The governor, for his part, has begun to amend some of his more liberal positions. His new podcast has included MAGA guests like Steve Bannon. He has said that allowing transgender girls to compete in girls’ sports is “deeply unfair.” More recently, he’s begun pushing cities and towns to clear homeless encampments.
The state’s electorate is also shifting. Voters have rejected some progressives in recent years, ousting the mayor and district attorney in San Francisco, as well as the district attorney in Los Angeles County last year.

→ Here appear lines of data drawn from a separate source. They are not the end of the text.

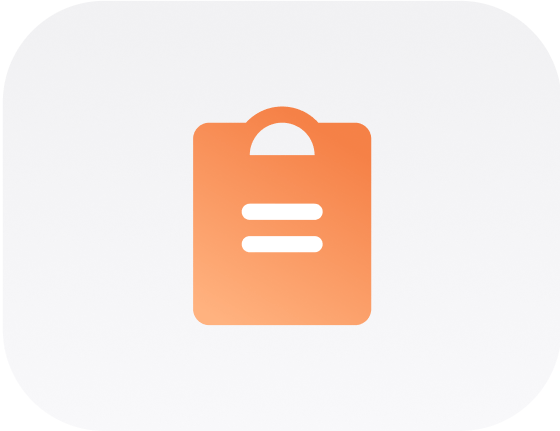 Graphic of a clipboard icon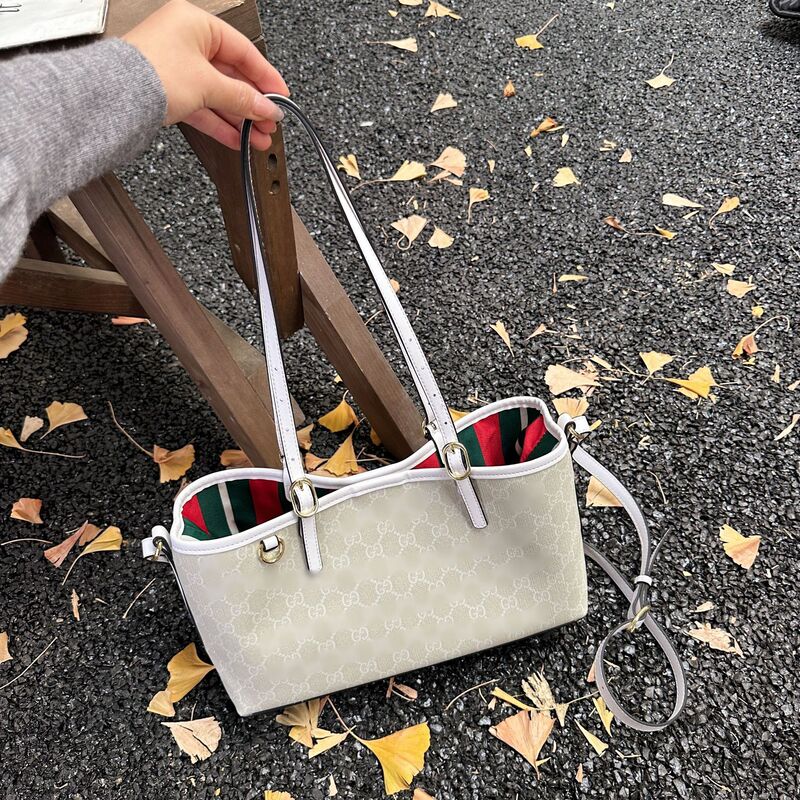 Cross-border GG Emblem Gucci classic monogram tote bag, shoulder bag, adjustable shopping bag, underarm handbag Cross-border GG Emblem Gucci classic monogram tote bag, shoulder bag, adjustable shopping bag, underarm handbag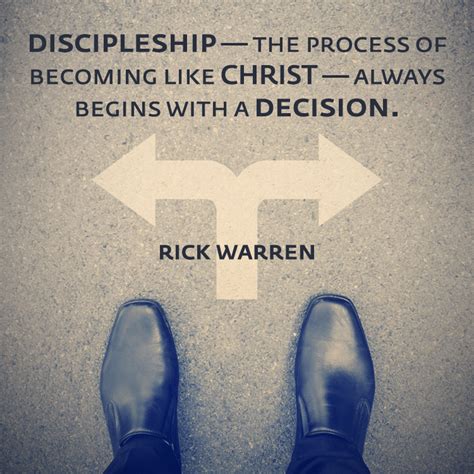 Discipleship - the process of becoming like Christ starts with a decision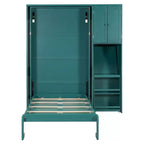 Letto a scomparsa Luxystar Twin Size con scrivania, armadietto e libreria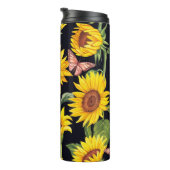 Schönes Sonnenblumenmuster Thermosbecher (Nach rechts gedreht)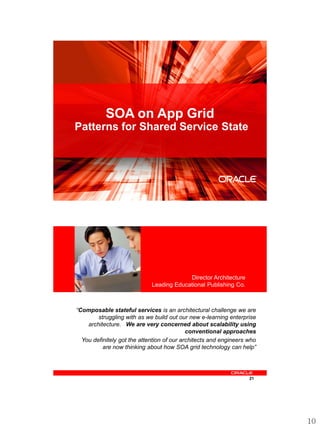 SOA on App Grid
Patterns for Shared Service State




                                                                   2...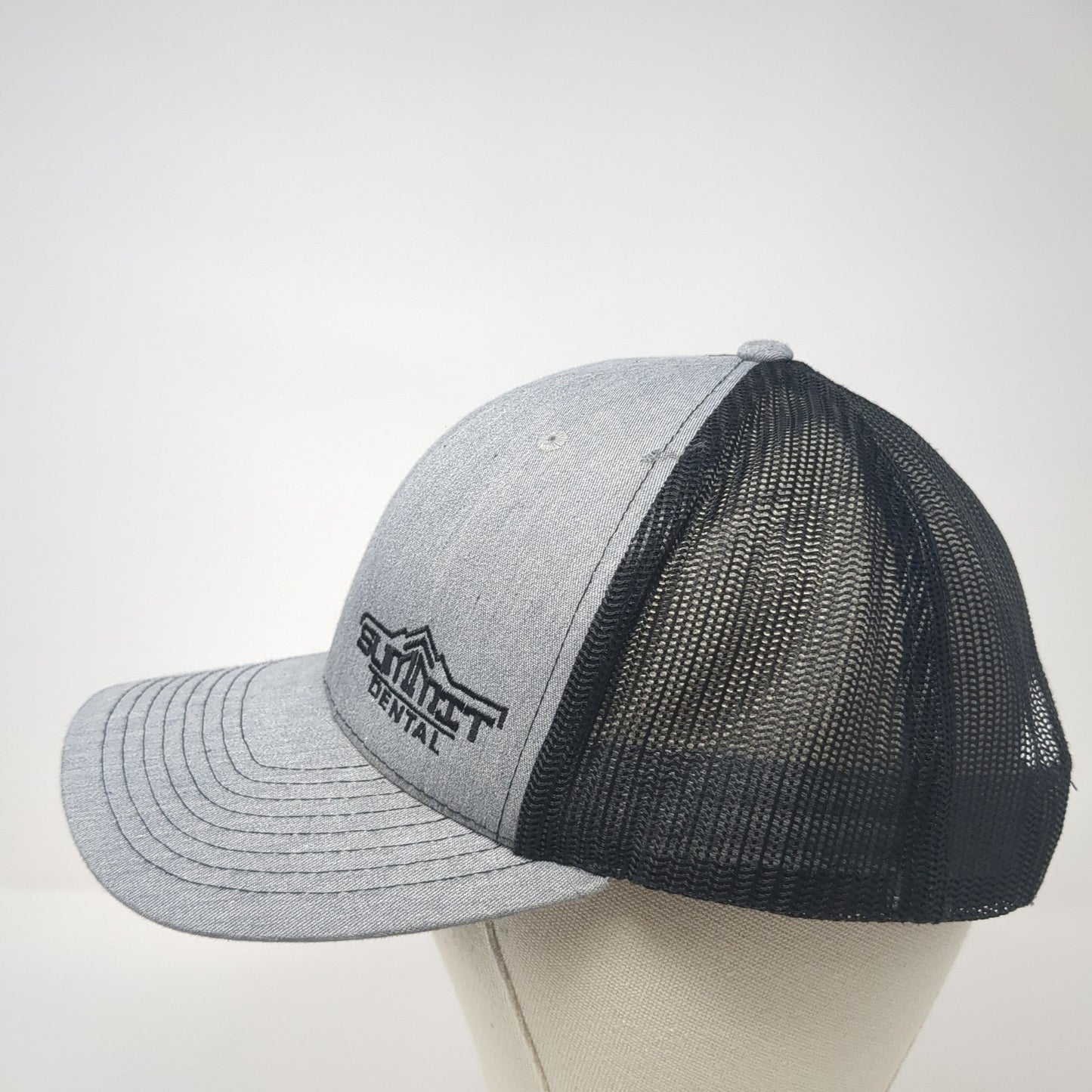 Summit Dental Snapback Mesh Back Trucker Hat Gray One Size Richardson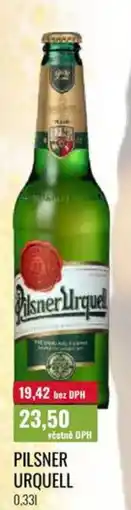 Ratio Pilsner Urquell nabídka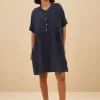 By bar tais linen dress | midnight* Robes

In the crowded field of candidates for governor, Democrats are running to the right of the Bernie Sanders wing of the party, bemoaning business regulations and the cost of living. “If Republicans had a candidate with statewide visibility and credibility, they would have a shot,” says Mr. Pitney, the Claremont McKenna politics professor.
And yet, Governor Newsom loses no opportunity to brag on the wonders of what is now the world’s fourth-largest economy and national leader in Fortune 500 companies. A recent statement from the governor’s office listed California as “number 1” in the nation for new business starts, access to venture capital funding, manufacturing, high-tech, and agriculture.
“The simple truth is, California is one of the most successful states in the Union, if not the most successful state,” says Henry Brady, former dean of the Goldman School of Public Policy at the University of California, Berkeley.
And that success, he says, is a threat to Mr. Trump’s policies and reputation.
“They have to find a way to vilify us to make sure that nobody thinks that somehow California is a success, because that would be an indication that maybe MAGA is not the only route.”
As for what might happen next with the Guard, Dr. Brady says that he is concerned. If the president invokes the Insurrection Act, he says, that gets “close to martial law, and that gets to very authoritarian tendencies.”